For anyone who was sleeping last Tuesday, the 11 above-mentioned states voted “yes” on initiatives calling for constitutions to be amended to define marriage as the sole property of heterosexuals. In Arkansas, Georgia, Kentucky, and Oklahoma, the “yes” votes nearly tripled the naysayers. If there is any homo left in this country who still thinks Philadelphia and politesse are the way to change people’s minds, I’d like to ask him to excuse himself not only from this discussion but from the gay persuasion—there are plenty of nervous, effeminate husbands out there ready to help you change your ways and find a good woman, so you’d better get out while the getting’s good. The kid gloves are off from here on out, Nancy.

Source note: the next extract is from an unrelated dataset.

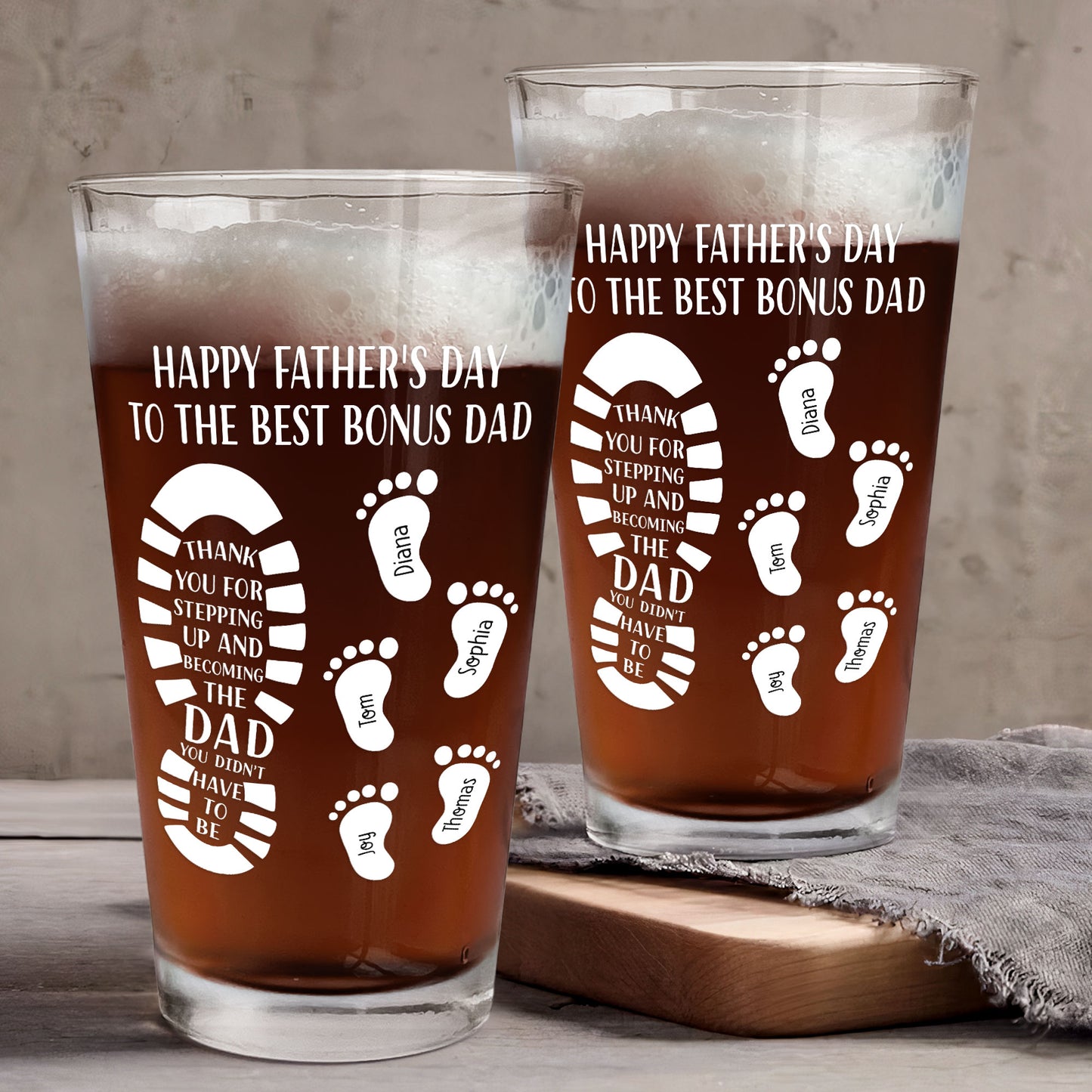 Thank You For Stepping Up And Becoming The Dad - Personalized Beer Glass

The elections left me saddened, angry, and more convinced than ever that the supposed success of pop assimilation like Queer Eye for the Straight Guy means exactly nothing for the nation at large. The goofy gay pals and neighbors on sitcoms and in mainstream films don’t do squat in Utah. Colin Farrell was willing to briefly buss a queer best friend in A Home at the End of the World, but folks in Mississippi are more inclined to nod in repulsed sympathy when he tells GQ that the experience was disgusting (thanks again, Colin). It’s going to take Stonewall-sized rocks and not La Cage Aux Folles feathers to make change. If we’re going to get anywhere in the march toward equality, we’ll have to have more will and less grace.

But equality is going to be ours—shout it, demand it, believe it. Know that ignorance can be altered through understanding, but accept nothing less than understanding and have no patience for anyone blaming Kerry’s loss on our existence. Don’t be silent in your intolerance. Be “out” in a manner that makes Harvey Fierstein look “in.” The fact that Dubya has to veil his bigotry at all—with specious promises about the value of every citizen—means we’ve come further than anyone would have imagined even two decades ago. We’re not far enough, though, and moving further requires not relaxing into pliant conformity.

Photographer Olivia Bucks of The Oregonian captured a shot of one Nathan Breithaupt of Portland, Ore., last week cheering at headquarters for that state’s anti-gay-marriage initiative as results began to show that things were going his way. Whoop it up while you can, Nathan. Go have a beer on me, kid. Several years from now, when you’re soiling your Dockers and complaining to the attendant at the nursing home that nobody makes shows like JAG anymore, gays and lesbians will have successfully expanded the notion of what it means to live and love in this country. That photo of your celebration will still be defining you as someone forever stuck in the past.